Welcome to rugby's Christmas pantomime, which this year boasts an all- star cast including Cliff Brittle as a particularly reactionary wicked witch, Fran Cotton and Bill Beaumont as two provincially minded ugly sisters and the entire rank and file of the Allied Dunbar Premiership as an impoverished Cinderella with ideas far above her station. According to Brittle's version of the script, she will be the first Cinders in history to go from riches to rags.

The first act was performed on Thursday, when the much-maligned chairman of the Rugby Football Union's man-agement board issued his controversial blueprint for the future of the English game: a pronouncement that struck many clubs as a peculiar cross between a Papal Bull and an Alan Partridge diatribe. Today's second act, in which Cinders finally gets to the ball after four interminable weeks spent locked in the broom cupboard, is deadly serious. Will club rugby successfully ride the Hawaiian-sized wave generated by last weekend's wondrous England-New Zealand contest at Twickenham, or will it be a morale-sapping case of After the Lord Mayor's Show?

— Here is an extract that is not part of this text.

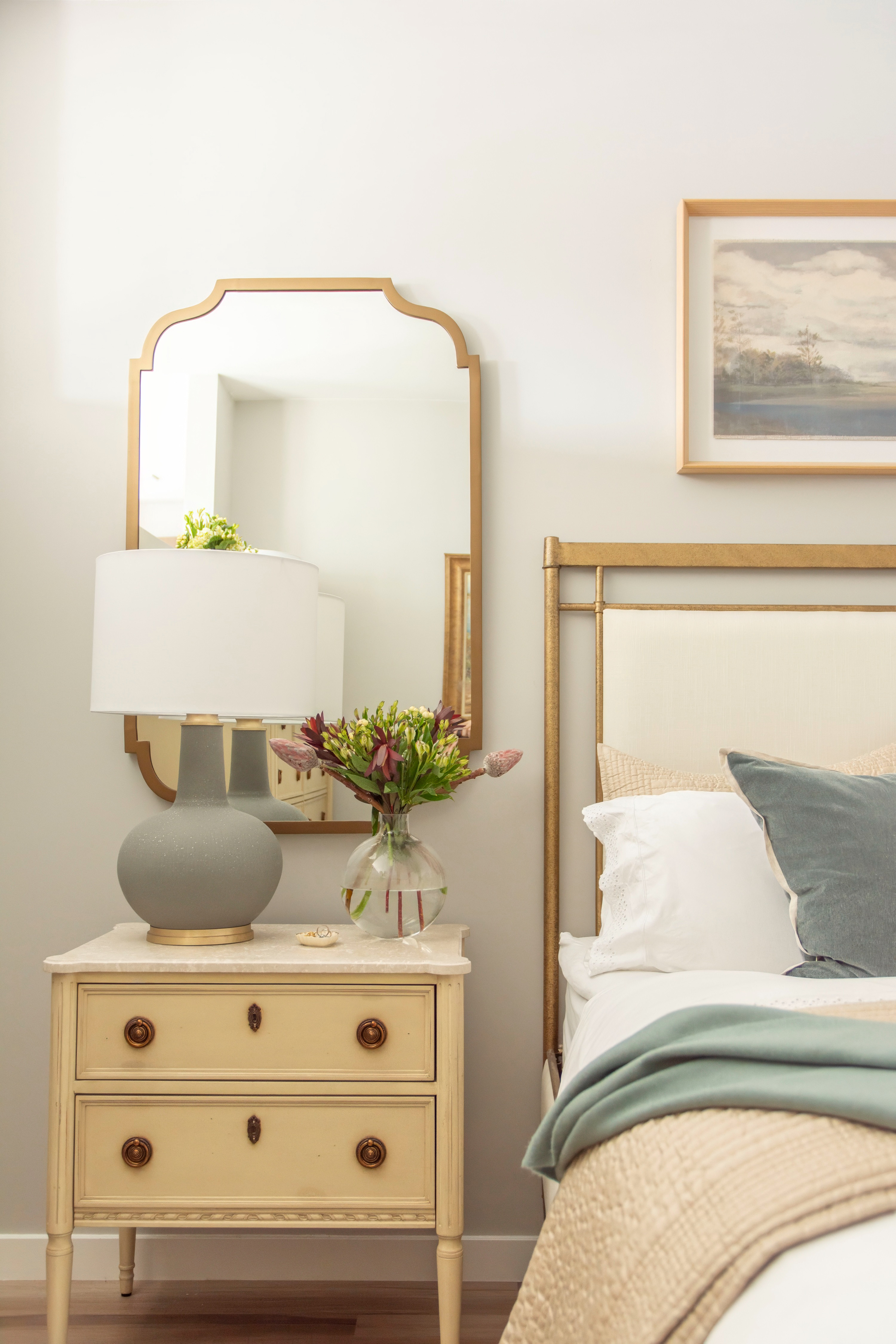 Cozy bedroom styling inspiration featuring a neutral nightstand with vintage-inspired brass knobs, paired with a classic ceramic table lamp topped with a crisp white shade. The layered bedding mixes soft white sheets, a muted sage green throw pillow, and a textured beige quilt for a timeless look. A gold framed mirror adds warmth and elegance above the nightstand, reflecting natural light and enhancing the space. Fresh florals in a simple glass vase bring a pop of greenery and seasonal charm. Perfect blend of modern farmhouse and traditional bedroom décor.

If advance ticket sales for this afternoon's London derby between Harlequins and Wasps at The Stoop are a reliable guide, the clubs are back in business in a big way. "We've sold more than 5,000 seats and if the weather behaves itself, we'll be close to an 8,000 capacity crowd," Donald Kerr, Quins' acting chief executive, said yesterday. "I can't remember a League or Premiership match that has generated such strong initial interest here. Before professionalism, we'd have been lucky to pull in 4,000 for a Wasps fixture and the upturn tells us that the potential audience for club rugby these days is high - higher, indeed, than some people seem to think."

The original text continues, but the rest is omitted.